On Saturday, Feb. 5, Campus Safety organized a free-of-charge, self-defense class as one of their many efforts to make McDaniel students feel safer.
The event was organized by Campus Safety Officer Steven Turek with the assistance of Joe Dressel, a McDaniel adjunct who has been teaching martial arts for more than 20 years and has taught at McDaniel for about 10. The event aimed to increase awareness of the importance of self-defense.
The lesson started with a discussion about awareness of unsafe situations. Dressel explain that for any type of aggression there must be three important factors: a victim, a predator, and the opportunity for an aggression. With this opening, Dressel aimed to educate people on how to recognize and avoid situations where one can easily become the victim of an aggression.
Perhaps the most profound advice of this section was “avoid[ing] situations where you can become a victim. That is, don’t go on a dark ally in the middle of the night,” Dressel said.
Once he had finished with his short discussion on awareness, he continued to demonstrate some useful techniques to escape perpetrators and aggressors. He commenced by emphasizing on the importance of one’s physical stance.

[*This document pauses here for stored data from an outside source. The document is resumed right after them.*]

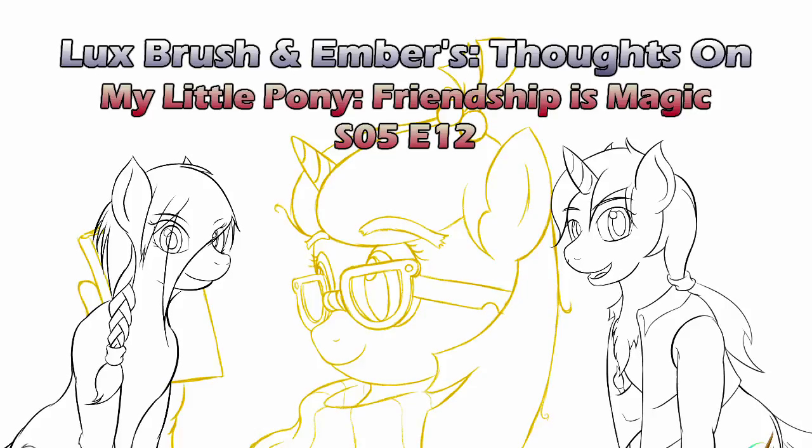Hello, I'm Lux. And I'm Ember. And this is our thoughts on My Little Pony, Friendship is Magic, Season 5, Episode 12, Amending Fences.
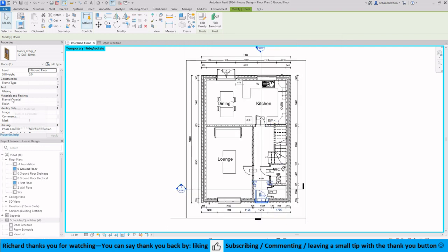Also in the properties here for this one, I'm going to say it's a light oak UPVC and I'll do the same for the frame as well.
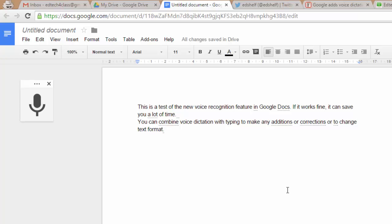But if you have to write long texts, it will really save you a lot of time. So why not try? Thank you for watching.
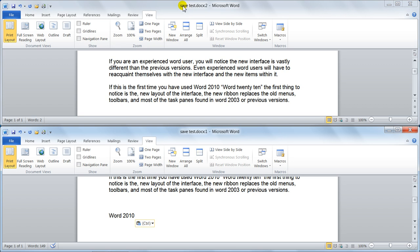Notice this one says save test doc 2, that's the second window and save test doc 1, that's the first window. It doesn't matter which window I open or close, it's the same document effectively.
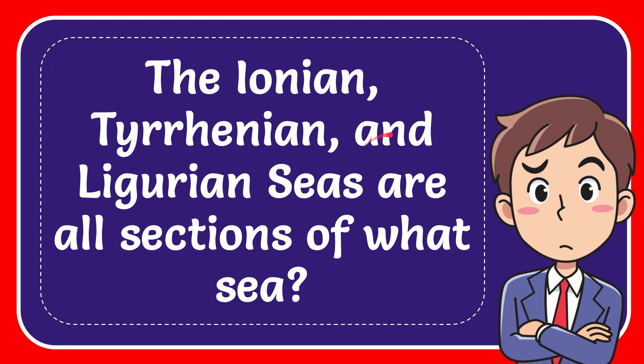In this video I'm going to give you the answer for this question. The question is: the Ionian, Tyrrhenian and Ligurian seas are all sections of what sea?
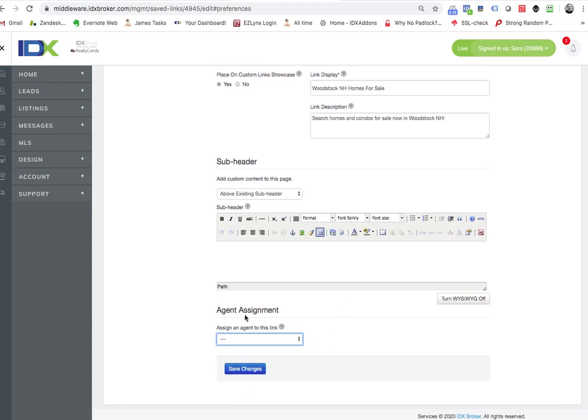So that only works on saved searches, saved links, and it's a great tool to use to flag that information over to a particular agent. Thank you.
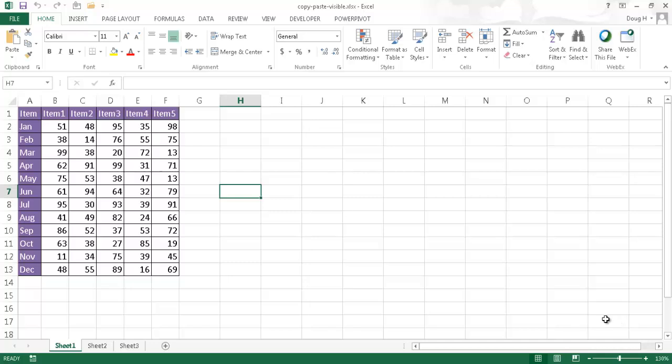Hi, in this video I'm going to show you how to copy and paste data even when you have the columns hidden or the rows are hidden.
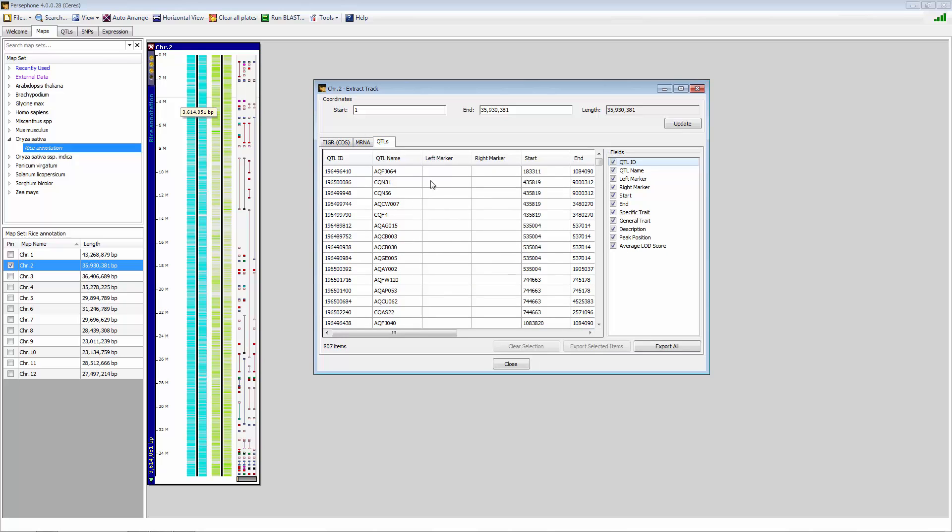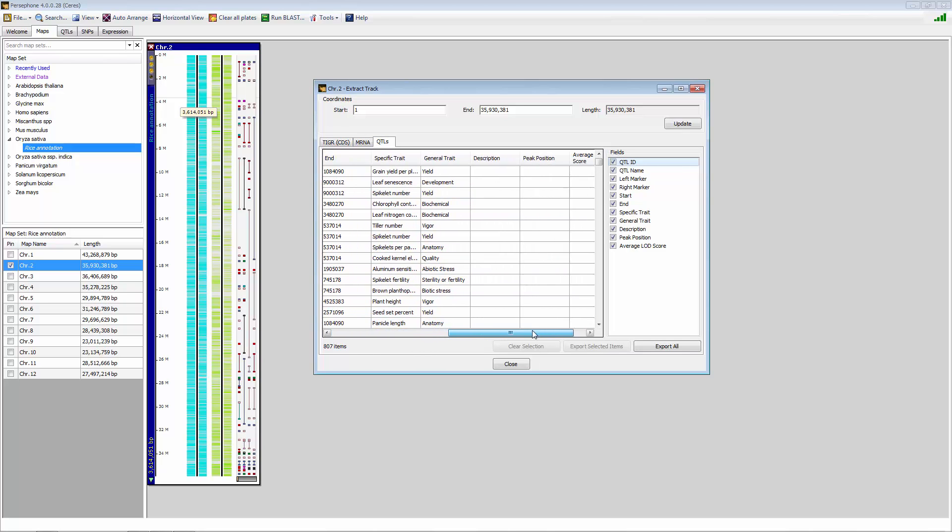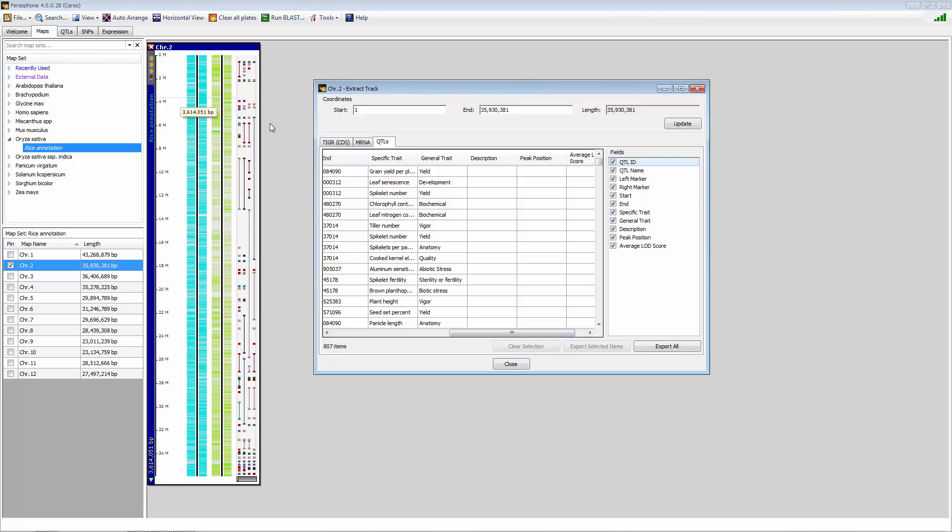And in RICE, we have a QTL track, so you get some added benefit of getting QTLs and certain traits associated with those QTLs if you're interested in that.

“A solid stance shows you are not aggressive but it also shows you are not willing to be a target,” said Dressel.
He also advised to remain within arm’s reach from other people, regardless of the situation. In his opinion, it is better to appear rude to others than to become a victim of an aggression.
The first couple techniques he demonstrated were ways to escape from an aggressor’s grip, as well as methods of retaliation. Then, he followed by demonstrating how to break from situations like bear hugs and choking.
In between demonstrations, Dressel imparted useful advice.
“You can show assertiveness through your voice,” he explained. “By doing so, you show the other person you mean business.”
Dressel also provided advice about boundaries. He emphasized the importance of setting boundaries to oneself. By doing so, one can avoid uncomfortable, unwanted, and dangerous situations.
The boundaries he discussed were mainly of mindset and distance between people.
“One of the boundaries you must set to yourself is whether or not you will allow yourself to hurt someone else,” Dressel explained.
The lesson ended after an hour and a half of productive work. Marianne Caule and Raissa Grylicki, two attendees, learned not only how to defend themselves but also how to avoid unwanted and dangerous situations.
Dressel finished the lesson by adding that no style of martial art or self-defense is correct as long as one learns enough of a given style.
“It’s all about one’s mentality,” he emphasized.
The Department of Campus Safety plans to offer a second lesson this semester, hoping that more students will take the opportunity to learn how to prevent aggression and how to defend themselves in aggressive situations.